Koskin Vladimir, Kells Adam, Clayton Joe, Hartmann Alexander K, Annibale Alessia, Rosta Edina
Department of Chemistry, King's College London, SE1 1DB London, United Kingdom.
Department of Physics and Astronomy, University College London, WC1E 6BT London, United Kingdom.
J Chem Phys. 2023 Mar 14;158(10):104112. doi: 10.1063/5.0105099.
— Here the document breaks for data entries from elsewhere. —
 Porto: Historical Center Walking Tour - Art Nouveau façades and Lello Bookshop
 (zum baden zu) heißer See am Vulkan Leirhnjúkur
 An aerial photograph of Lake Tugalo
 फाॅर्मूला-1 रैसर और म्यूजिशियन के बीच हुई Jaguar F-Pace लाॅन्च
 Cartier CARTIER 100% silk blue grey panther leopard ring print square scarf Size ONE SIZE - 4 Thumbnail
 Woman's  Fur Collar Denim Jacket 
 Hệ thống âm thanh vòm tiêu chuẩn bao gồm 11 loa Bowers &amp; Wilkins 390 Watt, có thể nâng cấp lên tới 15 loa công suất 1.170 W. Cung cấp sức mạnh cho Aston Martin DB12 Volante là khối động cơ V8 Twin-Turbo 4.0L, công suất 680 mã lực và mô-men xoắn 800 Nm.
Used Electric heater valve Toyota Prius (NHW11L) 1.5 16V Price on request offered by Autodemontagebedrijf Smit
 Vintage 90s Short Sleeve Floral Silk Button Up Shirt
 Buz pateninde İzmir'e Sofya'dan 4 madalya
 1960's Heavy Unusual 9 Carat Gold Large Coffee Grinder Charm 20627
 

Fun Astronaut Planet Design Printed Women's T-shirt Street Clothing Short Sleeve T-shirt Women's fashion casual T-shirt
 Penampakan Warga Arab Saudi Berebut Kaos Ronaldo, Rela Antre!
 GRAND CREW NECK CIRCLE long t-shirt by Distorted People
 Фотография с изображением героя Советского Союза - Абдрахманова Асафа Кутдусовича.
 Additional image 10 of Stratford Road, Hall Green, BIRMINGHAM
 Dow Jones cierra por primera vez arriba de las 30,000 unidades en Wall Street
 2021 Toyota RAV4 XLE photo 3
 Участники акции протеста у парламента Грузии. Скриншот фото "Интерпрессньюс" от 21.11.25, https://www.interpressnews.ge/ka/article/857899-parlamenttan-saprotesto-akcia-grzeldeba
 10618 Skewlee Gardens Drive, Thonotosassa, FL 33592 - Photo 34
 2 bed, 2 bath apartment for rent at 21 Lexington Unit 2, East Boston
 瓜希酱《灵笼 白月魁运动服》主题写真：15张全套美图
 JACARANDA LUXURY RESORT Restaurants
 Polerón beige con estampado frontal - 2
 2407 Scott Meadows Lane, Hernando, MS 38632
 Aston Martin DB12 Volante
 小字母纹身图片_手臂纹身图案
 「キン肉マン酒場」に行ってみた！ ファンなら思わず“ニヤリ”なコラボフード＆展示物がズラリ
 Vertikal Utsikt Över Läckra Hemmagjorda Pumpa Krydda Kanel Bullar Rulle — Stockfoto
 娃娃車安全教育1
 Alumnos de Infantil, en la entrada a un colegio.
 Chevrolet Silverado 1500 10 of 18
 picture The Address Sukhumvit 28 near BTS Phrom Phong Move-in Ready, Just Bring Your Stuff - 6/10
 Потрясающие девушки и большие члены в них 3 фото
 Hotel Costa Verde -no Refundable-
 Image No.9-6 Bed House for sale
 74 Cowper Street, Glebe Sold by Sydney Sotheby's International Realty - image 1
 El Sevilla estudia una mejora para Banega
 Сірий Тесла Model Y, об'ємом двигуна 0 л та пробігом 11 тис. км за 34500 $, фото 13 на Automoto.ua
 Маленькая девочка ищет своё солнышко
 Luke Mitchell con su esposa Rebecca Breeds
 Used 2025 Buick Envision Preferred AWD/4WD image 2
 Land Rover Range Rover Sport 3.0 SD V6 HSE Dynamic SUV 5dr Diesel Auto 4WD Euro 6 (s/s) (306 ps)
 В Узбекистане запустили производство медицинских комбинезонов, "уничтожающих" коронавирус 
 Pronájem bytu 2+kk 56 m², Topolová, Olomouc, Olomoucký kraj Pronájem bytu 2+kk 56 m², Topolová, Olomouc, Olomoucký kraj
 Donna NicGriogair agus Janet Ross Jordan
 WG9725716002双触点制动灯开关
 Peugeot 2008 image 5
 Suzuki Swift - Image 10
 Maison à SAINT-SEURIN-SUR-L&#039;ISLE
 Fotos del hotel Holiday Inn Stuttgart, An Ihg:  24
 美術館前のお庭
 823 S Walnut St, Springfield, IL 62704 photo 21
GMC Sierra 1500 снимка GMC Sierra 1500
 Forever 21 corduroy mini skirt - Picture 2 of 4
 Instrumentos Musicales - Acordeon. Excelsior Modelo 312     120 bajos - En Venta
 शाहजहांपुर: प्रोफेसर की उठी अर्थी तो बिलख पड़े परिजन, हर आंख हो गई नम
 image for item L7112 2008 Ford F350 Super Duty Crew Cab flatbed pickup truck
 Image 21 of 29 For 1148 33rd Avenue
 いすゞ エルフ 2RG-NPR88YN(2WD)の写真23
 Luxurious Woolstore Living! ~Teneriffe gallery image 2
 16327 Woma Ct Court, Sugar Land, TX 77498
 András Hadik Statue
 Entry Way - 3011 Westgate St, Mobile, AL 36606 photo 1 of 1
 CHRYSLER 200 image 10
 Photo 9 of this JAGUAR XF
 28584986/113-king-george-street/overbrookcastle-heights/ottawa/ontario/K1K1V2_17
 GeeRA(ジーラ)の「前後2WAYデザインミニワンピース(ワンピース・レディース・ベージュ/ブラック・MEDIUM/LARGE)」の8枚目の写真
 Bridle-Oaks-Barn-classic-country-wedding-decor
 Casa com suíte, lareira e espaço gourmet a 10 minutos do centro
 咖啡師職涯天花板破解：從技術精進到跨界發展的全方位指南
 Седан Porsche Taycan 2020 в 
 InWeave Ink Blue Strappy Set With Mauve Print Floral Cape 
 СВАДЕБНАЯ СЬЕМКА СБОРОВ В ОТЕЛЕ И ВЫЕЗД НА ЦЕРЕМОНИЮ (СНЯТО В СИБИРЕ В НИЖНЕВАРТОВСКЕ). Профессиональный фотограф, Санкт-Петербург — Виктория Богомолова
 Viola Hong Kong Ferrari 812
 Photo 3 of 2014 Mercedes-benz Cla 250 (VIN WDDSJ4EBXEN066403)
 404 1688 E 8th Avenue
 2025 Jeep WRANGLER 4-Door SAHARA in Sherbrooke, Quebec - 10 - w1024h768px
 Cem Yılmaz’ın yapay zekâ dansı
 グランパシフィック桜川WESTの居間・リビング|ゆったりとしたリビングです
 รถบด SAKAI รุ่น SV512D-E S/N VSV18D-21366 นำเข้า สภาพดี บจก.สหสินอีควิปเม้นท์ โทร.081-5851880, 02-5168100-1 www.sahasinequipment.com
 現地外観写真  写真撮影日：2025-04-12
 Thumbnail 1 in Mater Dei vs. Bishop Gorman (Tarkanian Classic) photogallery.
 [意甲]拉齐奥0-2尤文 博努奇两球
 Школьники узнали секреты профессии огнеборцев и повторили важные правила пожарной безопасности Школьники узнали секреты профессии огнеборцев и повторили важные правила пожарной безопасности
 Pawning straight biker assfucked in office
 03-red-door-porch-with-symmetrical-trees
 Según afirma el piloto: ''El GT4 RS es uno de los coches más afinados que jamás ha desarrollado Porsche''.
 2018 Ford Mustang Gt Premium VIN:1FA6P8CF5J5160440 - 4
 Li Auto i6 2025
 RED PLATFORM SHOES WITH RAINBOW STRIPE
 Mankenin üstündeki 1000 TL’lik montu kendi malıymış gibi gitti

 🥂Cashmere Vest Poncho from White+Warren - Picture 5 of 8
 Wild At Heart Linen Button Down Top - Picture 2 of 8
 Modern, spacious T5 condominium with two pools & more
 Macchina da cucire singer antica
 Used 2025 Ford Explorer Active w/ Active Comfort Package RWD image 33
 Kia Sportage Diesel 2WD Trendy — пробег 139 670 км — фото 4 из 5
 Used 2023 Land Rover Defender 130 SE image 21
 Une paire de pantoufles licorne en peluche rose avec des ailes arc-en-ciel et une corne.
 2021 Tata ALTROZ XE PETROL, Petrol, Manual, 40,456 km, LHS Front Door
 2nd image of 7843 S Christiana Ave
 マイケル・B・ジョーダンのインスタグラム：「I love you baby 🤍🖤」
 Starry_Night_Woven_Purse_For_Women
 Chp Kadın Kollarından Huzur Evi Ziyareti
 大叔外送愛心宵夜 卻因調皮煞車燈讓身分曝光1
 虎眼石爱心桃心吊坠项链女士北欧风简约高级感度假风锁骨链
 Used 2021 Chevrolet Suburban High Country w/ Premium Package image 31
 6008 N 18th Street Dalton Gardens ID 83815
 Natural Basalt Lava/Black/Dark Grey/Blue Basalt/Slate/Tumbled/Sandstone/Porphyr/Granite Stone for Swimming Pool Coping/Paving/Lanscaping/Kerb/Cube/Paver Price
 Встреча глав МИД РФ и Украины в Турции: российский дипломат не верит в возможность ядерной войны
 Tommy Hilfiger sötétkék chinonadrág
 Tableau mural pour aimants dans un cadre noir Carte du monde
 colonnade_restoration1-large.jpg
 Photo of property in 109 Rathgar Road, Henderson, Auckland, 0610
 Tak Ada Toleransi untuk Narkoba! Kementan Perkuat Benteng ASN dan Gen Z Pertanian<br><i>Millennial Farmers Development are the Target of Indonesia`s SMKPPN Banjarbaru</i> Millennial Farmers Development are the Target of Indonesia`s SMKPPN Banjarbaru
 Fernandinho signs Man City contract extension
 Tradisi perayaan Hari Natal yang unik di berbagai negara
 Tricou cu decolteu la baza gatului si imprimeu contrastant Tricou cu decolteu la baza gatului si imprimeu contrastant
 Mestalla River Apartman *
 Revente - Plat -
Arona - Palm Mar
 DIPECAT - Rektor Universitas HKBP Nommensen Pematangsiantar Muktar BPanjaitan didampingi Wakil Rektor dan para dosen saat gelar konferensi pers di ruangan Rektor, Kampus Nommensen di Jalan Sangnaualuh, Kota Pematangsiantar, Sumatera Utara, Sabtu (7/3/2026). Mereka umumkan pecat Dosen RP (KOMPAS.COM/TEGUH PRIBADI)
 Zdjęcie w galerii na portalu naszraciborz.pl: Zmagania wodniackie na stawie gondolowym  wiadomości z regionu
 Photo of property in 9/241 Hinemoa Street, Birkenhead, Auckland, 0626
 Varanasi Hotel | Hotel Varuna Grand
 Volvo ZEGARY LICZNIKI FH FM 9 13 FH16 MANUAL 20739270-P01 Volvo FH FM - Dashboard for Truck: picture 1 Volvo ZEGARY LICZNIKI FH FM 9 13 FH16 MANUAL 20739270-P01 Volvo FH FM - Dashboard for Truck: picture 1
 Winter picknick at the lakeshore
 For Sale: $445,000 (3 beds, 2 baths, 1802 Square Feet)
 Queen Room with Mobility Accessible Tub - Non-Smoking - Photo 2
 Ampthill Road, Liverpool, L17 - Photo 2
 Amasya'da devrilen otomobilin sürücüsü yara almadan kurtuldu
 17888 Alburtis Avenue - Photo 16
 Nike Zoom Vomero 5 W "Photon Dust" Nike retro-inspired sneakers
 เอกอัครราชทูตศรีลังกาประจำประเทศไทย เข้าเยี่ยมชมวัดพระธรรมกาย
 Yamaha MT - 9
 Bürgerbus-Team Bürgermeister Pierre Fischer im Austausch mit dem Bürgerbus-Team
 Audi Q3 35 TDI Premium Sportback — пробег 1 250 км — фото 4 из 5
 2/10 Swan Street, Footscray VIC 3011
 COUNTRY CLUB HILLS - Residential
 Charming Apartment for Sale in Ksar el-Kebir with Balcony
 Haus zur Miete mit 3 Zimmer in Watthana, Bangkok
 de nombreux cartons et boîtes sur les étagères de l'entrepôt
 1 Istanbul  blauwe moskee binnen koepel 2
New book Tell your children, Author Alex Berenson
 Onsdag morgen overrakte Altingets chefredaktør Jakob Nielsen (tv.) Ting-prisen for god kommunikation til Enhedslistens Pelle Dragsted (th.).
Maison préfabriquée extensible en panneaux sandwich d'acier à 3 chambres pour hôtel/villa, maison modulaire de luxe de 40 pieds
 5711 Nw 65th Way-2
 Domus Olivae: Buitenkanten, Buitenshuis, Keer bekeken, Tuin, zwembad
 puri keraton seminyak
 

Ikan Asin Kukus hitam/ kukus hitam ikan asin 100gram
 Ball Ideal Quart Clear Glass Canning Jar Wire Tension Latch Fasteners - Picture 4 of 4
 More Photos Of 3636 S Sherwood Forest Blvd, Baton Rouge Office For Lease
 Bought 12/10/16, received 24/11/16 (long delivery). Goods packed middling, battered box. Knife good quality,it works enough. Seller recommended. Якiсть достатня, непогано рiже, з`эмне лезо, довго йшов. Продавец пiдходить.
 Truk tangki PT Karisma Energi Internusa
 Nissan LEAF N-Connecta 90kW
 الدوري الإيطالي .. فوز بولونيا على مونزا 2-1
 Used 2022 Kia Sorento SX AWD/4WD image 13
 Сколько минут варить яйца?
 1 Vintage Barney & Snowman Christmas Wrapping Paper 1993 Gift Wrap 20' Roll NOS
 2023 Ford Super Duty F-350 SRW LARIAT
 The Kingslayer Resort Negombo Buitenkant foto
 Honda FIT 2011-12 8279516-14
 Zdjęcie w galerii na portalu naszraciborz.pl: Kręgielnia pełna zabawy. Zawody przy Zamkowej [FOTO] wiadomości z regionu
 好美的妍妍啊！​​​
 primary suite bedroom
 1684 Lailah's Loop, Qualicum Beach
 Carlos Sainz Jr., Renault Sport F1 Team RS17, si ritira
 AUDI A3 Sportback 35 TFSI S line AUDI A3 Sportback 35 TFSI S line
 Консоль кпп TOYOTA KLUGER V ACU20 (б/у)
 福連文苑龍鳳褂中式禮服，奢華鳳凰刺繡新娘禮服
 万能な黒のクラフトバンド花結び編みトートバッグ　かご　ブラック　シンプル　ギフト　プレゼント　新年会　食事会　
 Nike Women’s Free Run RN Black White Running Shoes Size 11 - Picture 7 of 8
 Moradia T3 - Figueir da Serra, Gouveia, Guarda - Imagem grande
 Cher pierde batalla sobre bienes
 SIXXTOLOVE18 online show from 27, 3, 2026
Efficiently identifying the most important communities and key transition nodes in weighted and unweighted networks is a prevalent problem in a wide range of disciplines. Here, we focus on the optimal clustering using variational kinetic parameters, linked to Markov processes defined on the underlying networks, namely, the slowest relaxation time and the Kemeny constant. We derive novel relations in terms of mean first passage times for optimizing clustering via the Kemeny constant and show that the optimal clustering boundaries have equal round-trip times to the clusters they separate. We also propose an efficient method that first projects the network nodes onto a 1D reaction coordinate and subsequently performs a variational boundary search using a parallel tempering algorithm, where the variational kinetic parameters act as an energy function to be extremized. We find that maximization of the Kemeny constant is effective in detecting communities, while the slowest relaxation time allows for detection of transition nodes. We demonstrate the validity of our method on several test systems, including synthetic networks generated from the stochastic block model and real world networks (Santa Fe Institute collaboration network, a network of co-purchased political books, and a street network of multiple cities in Luxembourg). Our approach is compared with existing clustering algorithms based on modularity and the robust Perron cluster analysis, and the identified transition nodes are compared with different notions of node centrality.
在加权和非加权网络中高效识别最重要的群落和关键过渡节点是众多学科中普遍存在的问题。在此,我们专注于使用与基础网络上定义的马尔可夫过程相关的变分动力学参数进行最优聚类,即最慢弛豫时间和凯梅尼常数。我们通过凯梅尼常数推导出关于优化聚类的平均首次通过时间的新关系,并表明最优聚类边界到它们所分隔的簇的往返时间相等。我们还提出了一种有效方法,该方法首先将网络节点投影到一维反应坐标上,随后使用并行回火算法进行变分边界搜索,其中变分动力学参数充当要极值化的能量函数。我们发现最大化凯梅尼常数在检测群落方面有效,而最慢弛豫时间允许检测过渡节点。我们在几个测试系统上证明了我们方法的有效性,包括从随机块模型生成的合成网络和真实世界网络(圣达菲研究所合作网络、共同购买政治书籍的网络以及卢森堡多个城市的街道网络)。我们的方法与基于模块度的现有聚类算法以及鲁棒佩龙聚类分析进行了比较,并且将识别出的过渡节点与不同的节点中心性概念进行了比较。